**Exercise instructions:** Keep the lines exact and the pictures out as you repeat the following listing.

**Given information:**
↓↓↓
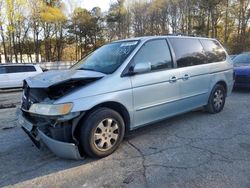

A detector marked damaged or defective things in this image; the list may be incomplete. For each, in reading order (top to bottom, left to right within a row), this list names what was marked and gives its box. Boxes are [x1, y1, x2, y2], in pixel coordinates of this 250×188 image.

dented hood [25, 69, 106, 88]
crushed front bumper [17, 108, 85, 159]
damaged front end [17, 71, 103, 159]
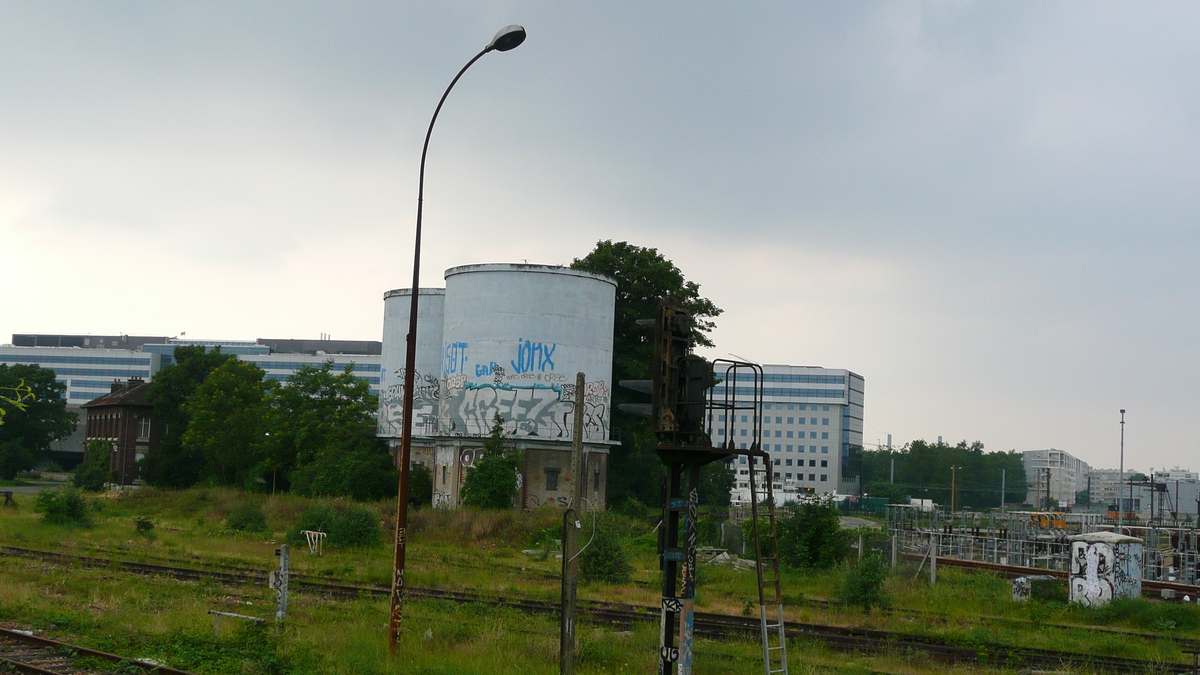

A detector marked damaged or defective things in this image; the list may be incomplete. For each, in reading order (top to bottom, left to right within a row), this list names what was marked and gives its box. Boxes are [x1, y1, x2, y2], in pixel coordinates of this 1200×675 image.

rusty lamp pole [388, 23, 525, 648]
rusty metal pole [388, 26, 530, 653]
rusty metal pole [559, 369, 583, 672]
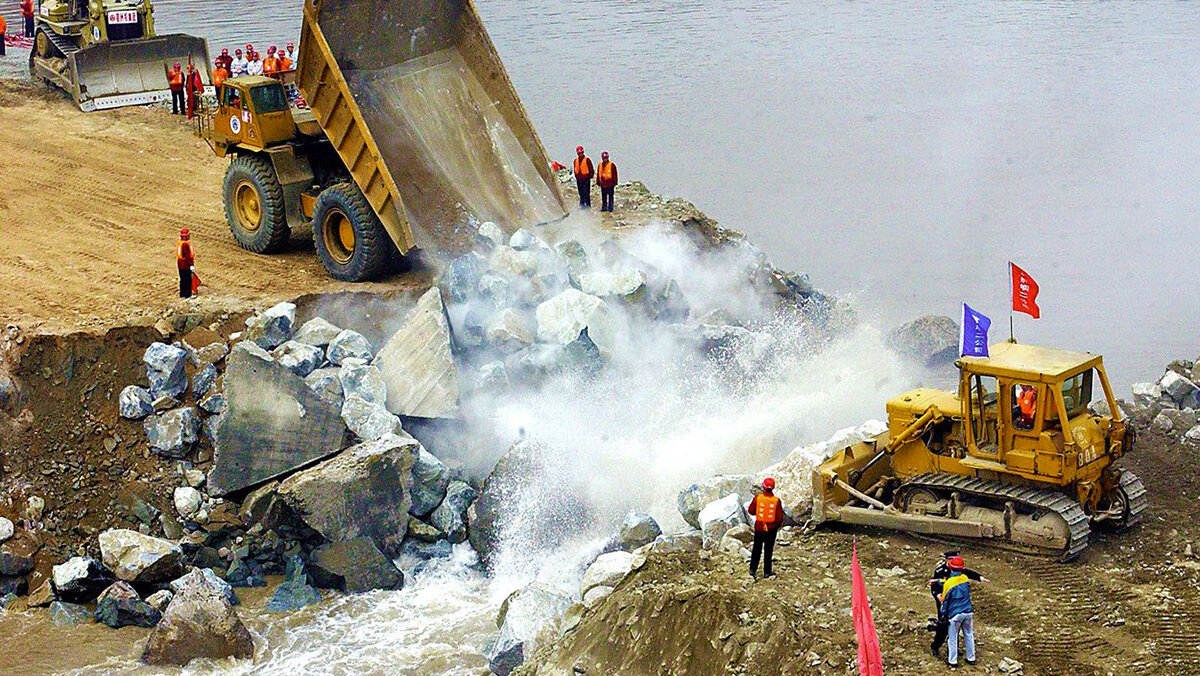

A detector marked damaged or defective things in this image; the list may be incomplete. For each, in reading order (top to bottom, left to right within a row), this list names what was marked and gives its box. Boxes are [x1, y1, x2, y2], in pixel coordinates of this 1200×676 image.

broken concrete slab [205, 343, 348, 497]
broken concrete slab [376, 288, 460, 420]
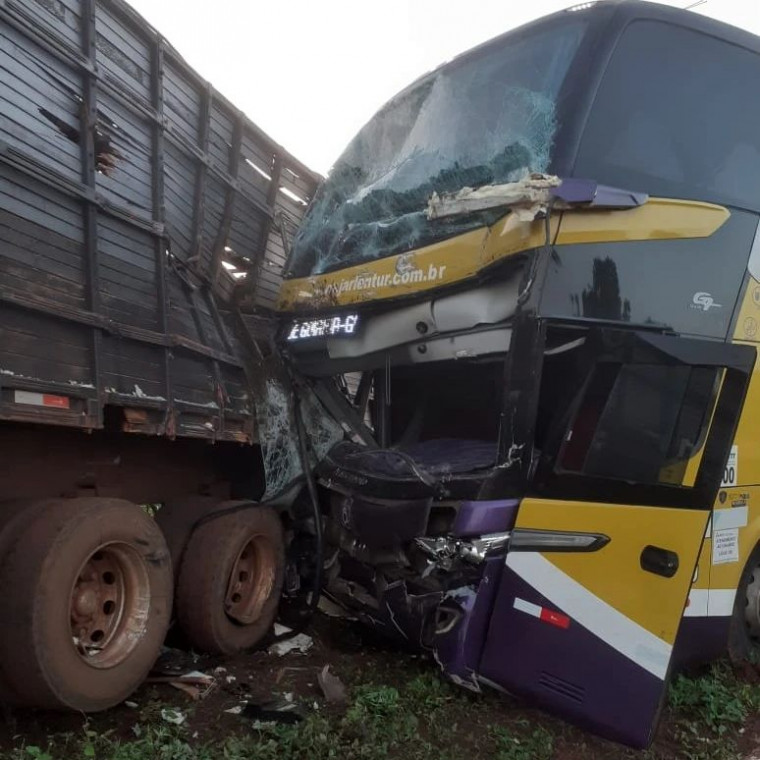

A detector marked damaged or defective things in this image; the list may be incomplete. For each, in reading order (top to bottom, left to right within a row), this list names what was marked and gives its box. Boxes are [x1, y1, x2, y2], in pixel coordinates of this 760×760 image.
↑↑↑
**Task output:**
A detector marked damaged or defective things in this image; the list may be incomplete. For each, in reading order (top to bottom, left to right within a row), this list names what was marked and gives its box. Boxes are [x1, y1, x2, y2], in pixel coordinates of this 250×188 image.

dented hood [25, 69, 106, 88]
crushed front bumper [17, 108, 85, 159]
damaged front end [17, 71, 103, 159]

A detector marked damaged or defective things in this image; the list may be incomplete. For each, in reading order (top to bottom, left to right within a row), this list names what was marked and gives its box. Boxes are [x1, y1, x2, y2], in pixel coordinates of this 1200×675 image.

rusty lamp pole [388, 23, 525, 648]
rusty metal pole [388, 26, 530, 653]
rusty metal pole [559, 369, 583, 672]

A detector marked damaged or defective things in this image; the list may be incomplete. For each, in reading order (top to bottom, left to right within a row), this list names what was marked and gives its box. Boxes are [x1, y1, x2, y2], in pixel coordinates of this 1200×676 image.

broken concrete slab [205, 343, 348, 497]
broken concrete slab [376, 288, 460, 420]

A detector marked damaged or defective things in this image; the list may be incomplete. For each, in reading order (top to bottom, left to right within a row), this list names what was marked and gives its box. Boxes are [x1, y1, x2, y2], in pixel coordinates of this 760×760 image.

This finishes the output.